# Samsung p2370ms led monitor for ps3 and tv



## santoshk87 (Aug 10, 2011)

I am planning to buy samsung p2370ms monitor for playing games on ps3 and connecting it to my tata sky hd box for viewing tv. Will it be good for using as a tv for most of the time (with tata sky) and occasionally playing games on ps3 ? My budget is 15000 INR, so cannot buy a similar led hdtv.

But now i found out that samsung p2370ms is lcd, not led. I want a similar 23" hd led monitor which can connect to tata sky hd directly without any tv tuner card. Please suggest any good LED monitor which has mutiple connectivity options like samsung p2370ms.


----------



## thetechfreak (Aug 10, 2011)

DELL Ultrasharp U2311H	

and refer a bit to this thread -
*www.thinkdigit.com/forum/peripherals/144334-how-connect-tata-sky-my-pc.html


----------



## santoshk87 (Aug 11, 2011)

Dell U2311H doesnt have HDMI. also its not LED. i dont want any tv tuner card. I want a 23" LED monitor which can be connected directly to Tata sky hd box and ps3. And if i want to settle for lcd, I can buy Samsung p2370 ms as well which has plethora of connectivity options.


----------



## santoshk87 (Aug 11, 2011)

Dell U2311H does not have HDMI. Also it is LCD. I want a 23" LED monitor which can be connected to tata sky hd box directly without a tv tuner card. And if i have to settle for LCD itself, i can very well buy samsung p2370ms which has a plethora of connectivity options.

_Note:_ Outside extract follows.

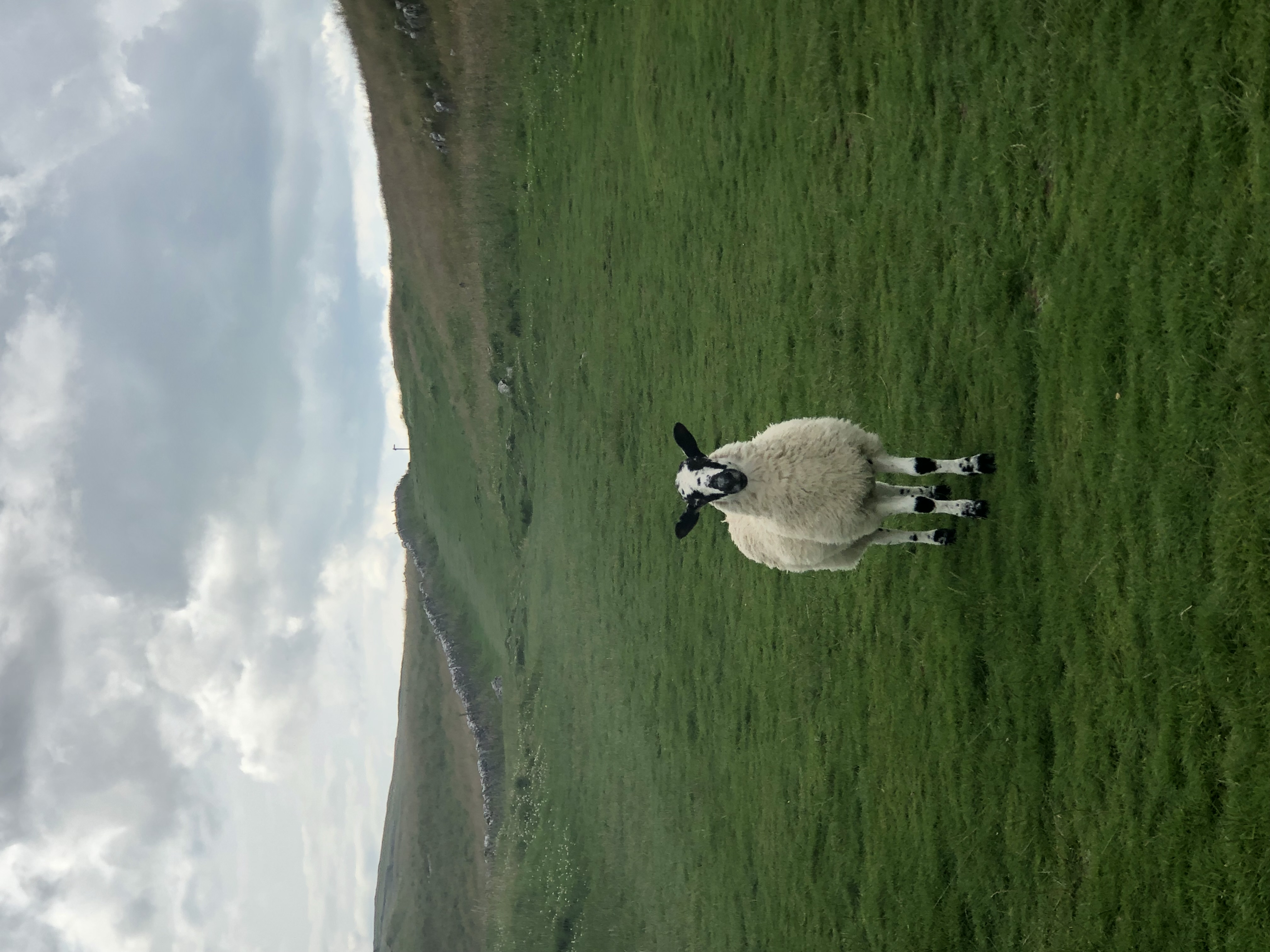 A sheep standing on a green hillside in Wales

Please suggest a good 23" LED monitor which can be connected directly to tata sky hd box without a tv tuner card. It will be used as a tv for most of the time.


----------



## d6bmg (Aug 11, 2011)

santoshk87 said:


> Dell U2311H does not have HDMI. Also it is LCD. I want a 23" LED monitor which can be connected to tata sky hd box directly without a tv tuner card. And if i have to settle for LCD itself, i can very well buy samsung p2370ms which has a plethora of connectivity options.
> 
> Please suggest a good 23" LED monitor which can be connected directly to tata sky hd box without a tv tuner card. It will be used as a tv for most of the time.



I would suggest you to increase your budget a bit if you want to go for LED monitors.


----------



## santoshk87 (Aug 11, 2011)

I saw Benq EW2430 V which is a 24" led monitor. cost is 17,200 i guess. Will it be good when compared to samsung 2370 ms. Main function will be tv usage with tata sky hd.


----------